# ASSIGNMENT
In the entries below, the lines from the one with "Opt-in email list popup" through the one with "Cowboyhatt i jeans Himmelblå / Kan justeras" are to be copied exactly; both ends count.

(Beginning of INFORMATION SUPPLIED)

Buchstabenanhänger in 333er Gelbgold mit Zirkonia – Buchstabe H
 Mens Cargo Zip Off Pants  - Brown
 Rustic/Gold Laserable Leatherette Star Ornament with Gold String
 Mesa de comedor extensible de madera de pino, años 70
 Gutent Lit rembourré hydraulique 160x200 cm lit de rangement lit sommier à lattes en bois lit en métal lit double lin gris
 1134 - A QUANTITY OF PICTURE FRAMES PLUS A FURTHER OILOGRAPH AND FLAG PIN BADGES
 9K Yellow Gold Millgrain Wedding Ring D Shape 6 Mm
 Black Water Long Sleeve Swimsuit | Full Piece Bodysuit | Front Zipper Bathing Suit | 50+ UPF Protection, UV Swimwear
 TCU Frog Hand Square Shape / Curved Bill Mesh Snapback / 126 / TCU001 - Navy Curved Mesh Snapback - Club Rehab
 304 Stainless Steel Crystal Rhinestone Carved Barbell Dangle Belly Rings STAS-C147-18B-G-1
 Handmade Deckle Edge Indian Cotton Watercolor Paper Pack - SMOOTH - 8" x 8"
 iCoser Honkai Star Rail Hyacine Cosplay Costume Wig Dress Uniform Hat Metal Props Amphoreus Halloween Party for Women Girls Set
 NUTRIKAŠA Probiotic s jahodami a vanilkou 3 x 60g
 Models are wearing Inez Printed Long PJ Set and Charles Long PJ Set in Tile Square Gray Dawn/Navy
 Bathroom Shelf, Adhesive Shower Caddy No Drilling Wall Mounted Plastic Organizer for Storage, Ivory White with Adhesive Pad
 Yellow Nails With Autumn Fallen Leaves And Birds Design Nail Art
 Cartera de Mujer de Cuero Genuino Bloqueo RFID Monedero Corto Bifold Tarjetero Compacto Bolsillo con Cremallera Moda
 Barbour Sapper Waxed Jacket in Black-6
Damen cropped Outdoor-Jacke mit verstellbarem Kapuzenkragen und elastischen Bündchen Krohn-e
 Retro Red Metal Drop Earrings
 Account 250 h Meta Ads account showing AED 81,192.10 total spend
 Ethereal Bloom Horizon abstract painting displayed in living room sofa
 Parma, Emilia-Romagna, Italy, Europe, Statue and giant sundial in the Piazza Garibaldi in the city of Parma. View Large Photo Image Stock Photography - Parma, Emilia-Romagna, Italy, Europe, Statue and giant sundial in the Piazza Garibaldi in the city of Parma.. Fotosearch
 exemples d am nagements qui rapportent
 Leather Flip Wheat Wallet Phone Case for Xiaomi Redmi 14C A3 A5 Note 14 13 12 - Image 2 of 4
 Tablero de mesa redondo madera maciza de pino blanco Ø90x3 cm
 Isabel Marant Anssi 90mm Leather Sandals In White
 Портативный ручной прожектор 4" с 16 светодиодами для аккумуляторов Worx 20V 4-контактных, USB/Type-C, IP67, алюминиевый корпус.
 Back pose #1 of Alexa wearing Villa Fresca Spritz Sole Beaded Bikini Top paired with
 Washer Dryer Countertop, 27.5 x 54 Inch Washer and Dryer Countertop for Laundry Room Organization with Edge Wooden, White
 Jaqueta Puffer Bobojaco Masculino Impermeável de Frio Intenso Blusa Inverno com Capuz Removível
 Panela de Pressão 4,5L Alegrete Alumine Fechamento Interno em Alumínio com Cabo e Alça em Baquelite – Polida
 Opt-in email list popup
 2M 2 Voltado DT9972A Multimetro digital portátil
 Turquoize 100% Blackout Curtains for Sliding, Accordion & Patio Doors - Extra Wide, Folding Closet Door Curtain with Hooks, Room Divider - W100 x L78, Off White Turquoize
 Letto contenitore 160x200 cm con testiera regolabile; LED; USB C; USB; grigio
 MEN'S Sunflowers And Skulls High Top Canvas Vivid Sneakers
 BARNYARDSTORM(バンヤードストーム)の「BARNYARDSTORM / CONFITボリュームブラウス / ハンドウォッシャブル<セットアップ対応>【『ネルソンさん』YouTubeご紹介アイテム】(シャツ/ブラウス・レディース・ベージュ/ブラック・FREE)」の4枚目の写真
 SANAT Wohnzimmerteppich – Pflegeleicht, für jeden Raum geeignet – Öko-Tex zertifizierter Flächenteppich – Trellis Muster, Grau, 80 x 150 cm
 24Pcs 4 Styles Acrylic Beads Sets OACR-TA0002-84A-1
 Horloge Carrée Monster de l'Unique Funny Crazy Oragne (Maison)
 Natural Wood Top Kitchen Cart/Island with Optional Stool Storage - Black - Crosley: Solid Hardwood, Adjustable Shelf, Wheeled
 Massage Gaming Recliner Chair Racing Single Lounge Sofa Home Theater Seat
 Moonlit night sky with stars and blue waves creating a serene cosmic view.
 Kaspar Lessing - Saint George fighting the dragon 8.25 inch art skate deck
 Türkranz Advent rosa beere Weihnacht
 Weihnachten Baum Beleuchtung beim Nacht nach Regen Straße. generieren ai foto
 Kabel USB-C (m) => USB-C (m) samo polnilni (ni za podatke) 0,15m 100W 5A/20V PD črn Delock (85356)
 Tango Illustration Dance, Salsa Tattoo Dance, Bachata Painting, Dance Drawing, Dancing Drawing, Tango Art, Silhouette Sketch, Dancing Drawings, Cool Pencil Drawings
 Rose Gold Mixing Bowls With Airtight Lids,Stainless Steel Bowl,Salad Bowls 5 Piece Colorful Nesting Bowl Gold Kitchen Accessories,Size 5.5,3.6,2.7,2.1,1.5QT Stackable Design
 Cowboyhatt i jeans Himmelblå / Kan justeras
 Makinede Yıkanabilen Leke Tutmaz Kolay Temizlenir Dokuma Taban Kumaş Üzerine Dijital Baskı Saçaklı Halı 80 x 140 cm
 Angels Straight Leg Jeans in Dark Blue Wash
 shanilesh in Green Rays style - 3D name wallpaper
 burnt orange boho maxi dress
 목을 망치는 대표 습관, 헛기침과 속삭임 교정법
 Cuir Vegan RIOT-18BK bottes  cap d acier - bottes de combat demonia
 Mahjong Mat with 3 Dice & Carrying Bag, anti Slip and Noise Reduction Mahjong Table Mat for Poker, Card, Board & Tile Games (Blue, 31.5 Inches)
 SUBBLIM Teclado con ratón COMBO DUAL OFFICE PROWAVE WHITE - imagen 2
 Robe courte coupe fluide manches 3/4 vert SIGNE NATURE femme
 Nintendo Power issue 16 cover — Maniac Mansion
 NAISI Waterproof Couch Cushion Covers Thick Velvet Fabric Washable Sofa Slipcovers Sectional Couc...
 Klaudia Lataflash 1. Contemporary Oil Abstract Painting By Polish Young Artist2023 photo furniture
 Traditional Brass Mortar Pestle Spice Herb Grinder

(End of INFORMATION SUPPLIED)

# SOLVED EXERCISE
 Opt-in email list popup
 2M 2 Voltado DT9972A Multimetro digital portátil
 Turquoize 100% Blackout Curtains for Sliding, Accordion & Patio Doors - Extra Wide, Folding Closet Door Curtain with Hooks, Room Divider - W100 x L78, Off White Turquoize
 Letto contenitore 160x200 cm con testiera regolabile; LED; USB C; USB; grigio
 MEN'S Sunflowers And Skulls High Top Canvas Vivid Sneakers
 BARNYARDSTORM(バンヤードストーム)の「BARNYARDSTORM / CONFITボリュームブラウス / ハンドウォッシャブル<セットアップ対応>【『ネルソンさん』YouTubeご紹介アイテム】(シャツ/ブラウス・レディース・ベージュ/ブラック・FREE)」の4枚目の写真
 SANAT Wohnzimmerteppich – Pflegeleicht, für jeden Raum geeignet – Öko-Tex zertifizierter Flächenteppich – Trellis Muster, Grau, 80 x 150 cm
 24Pcs 4 Styles Acrylic Beads Sets OACR-TA0002-84A-1
 Horloge Carrée Monster de l'Unique Funny Crazy Oragne (Maison)
 Natural Wood Top Kitchen Cart/Island with Optional Stool Storage - Black - Crosley: Solid Hardwood, Adjustable Shelf, Wheeled
 Massage Gaming Recliner Chair Racing Single Lounge Sofa Home Theater Seat
 Moonlit night sky with stars and blue waves creating a serene cosmic view.
 Kaspar Lessing - Saint George fighting the dragon 8.25 inch art skate deck
 Türkranz Advent rosa beere Weihnacht
 Weihnachten Baum Beleuchtung beim Nacht nach Regen Straße. generieren ai foto
 Kabel USB-C (m) => USB-C (m) samo polnilni (ni za podatke) 0,15m 100W 5A/20V PD črn Delock (85356)
 Tango Illustration Dance, Salsa Tattoo Dance, Bachata Painting, Dance Drawing, Dancing Drawing, Tango Art, Silhouette Sketch, Dancing Drawings, Cool Pencil Drawings
 Rose Gold Mixing Bowls With Airtight Lids,Stainless Steel Bowl,Salad Bowls 5 Piece Colorful Nesting Bowl Gold Kitchen Accessories,Size 5.5,3.6,2.7,2.1,1.5QT Stackable Design
 Cowboyhatt i jeans Himmelblå / Kan justeras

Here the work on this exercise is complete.